Each record below should be output verbatim, without pictures.

-------- RAW DATA

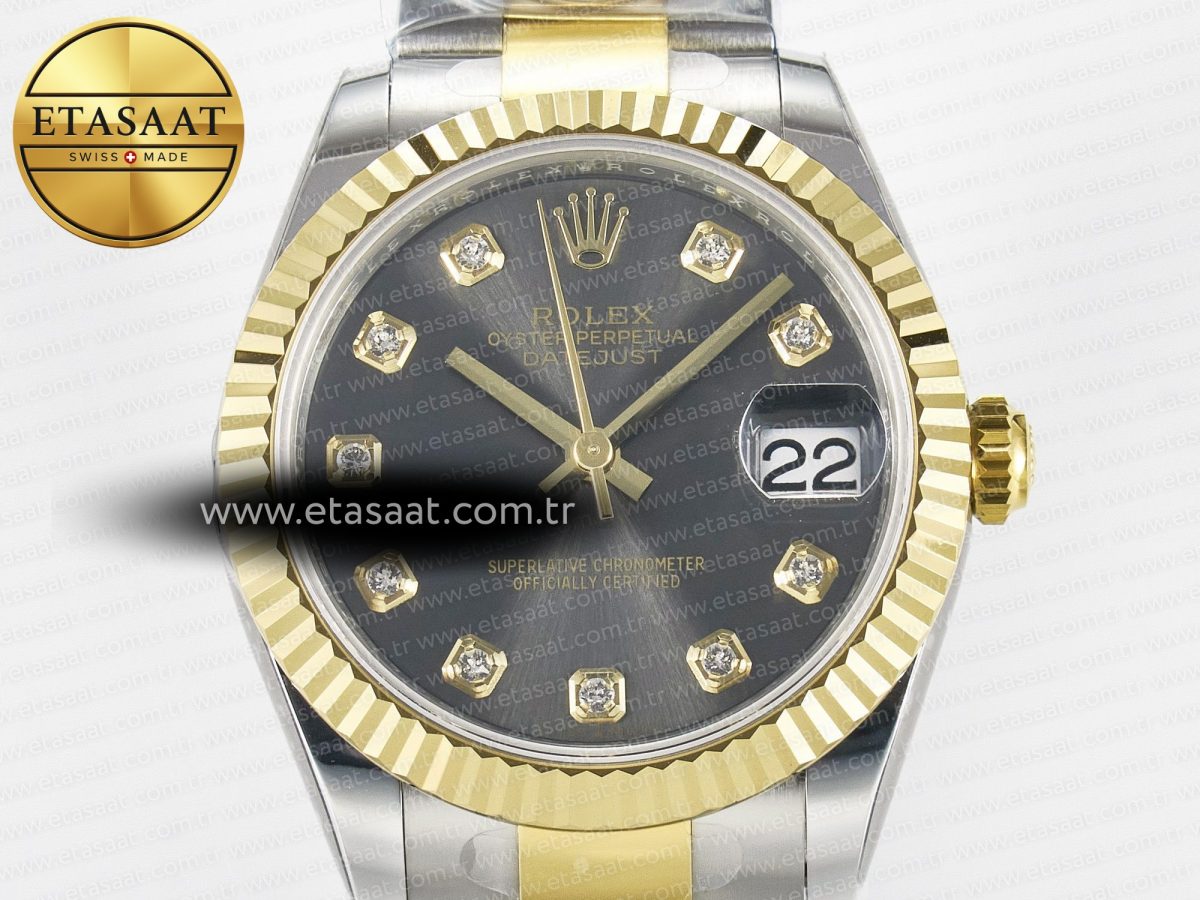 DateJust 31 278273 ARF 1:1 Best Edition 904L Steel Gray Diamonds Dial on SS/YG Oyster Bracelet ETA 2688 - Görsel 4
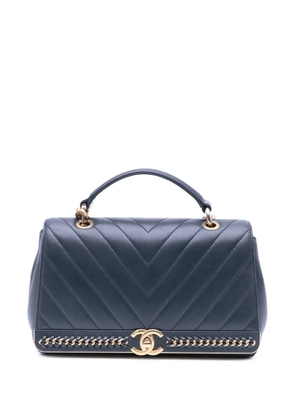 CHANEL Pre-Owned 2017-2018 Chevron Sheepskin Stitched Chain Top Handle Flap satchel - Black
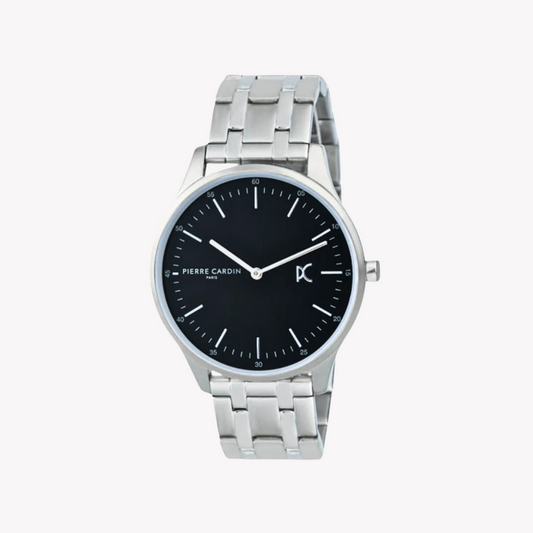 PIERRE CARDIN MEN'S SILVER STAINLESS STEEL WATCH, BLACK DIAL | CBA.4010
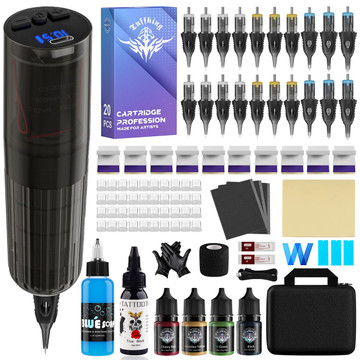 Wireless Tattoo Pen Kit with LED Screen Display and 10500 RPM Adjustable Stroke Professional Tattoo Machine Kit Color Dark Brown product image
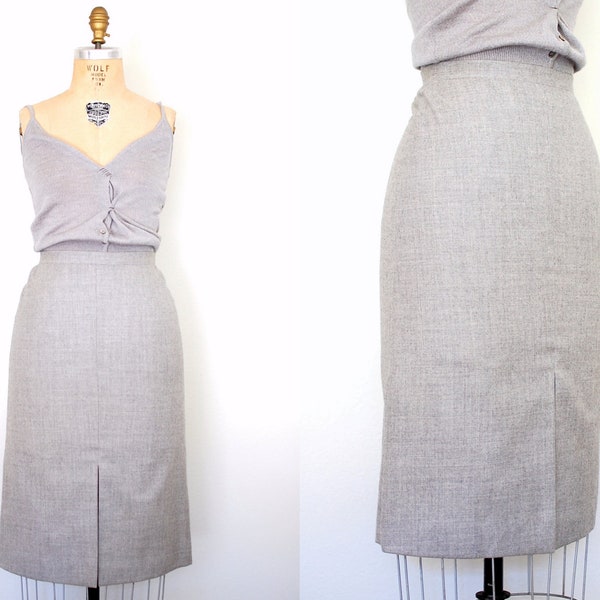 Vintage 60s 1960s Light Grey Heathered Wool Slim Pencil Skirt with Front Kick Pleat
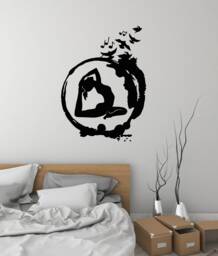 Yoga Woman Vinyl Wall Decal Enso Circle Meditating Girl Bedroom Decor Meditation Room Wellness Center Stickers Mural - #2978Di - thumbnail 1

----------------

● RESULT FOR THIS EXERCISE:
 DateJust 31 278273 ARF 1:1 Best Edition 904L Steel Gray Diamonds Dial on SS/YG Oyster Bracelet ETA 2688 - Görsel 4
 CHANEL Pre-Owned 2017-2018 Chevron Sheepskin Stitched Chain Top Handle Flap satchel - Black
 PIERRE CARDIN MEN'S SILVER STAINLESS STEEL WATCH, BLACK DIAL | CBA.4010
 Wireless Tattoo Pen Kit with LED Screen Display and 10500 RPM Adjustable Stroke Professional Tattoo Machine Kit Color Dark Brown product image
 Vintage 60s 1960s Light Grey Heathered Wool Slim Pencil Skirt with Front Kick Pleat
 Yoga Woman Vinyl Wall Decal Enso Circle Meditating Girl Bedroom Decor Meditation Room Wellness Center Stickers Mural - #2978Di - thumbnail 1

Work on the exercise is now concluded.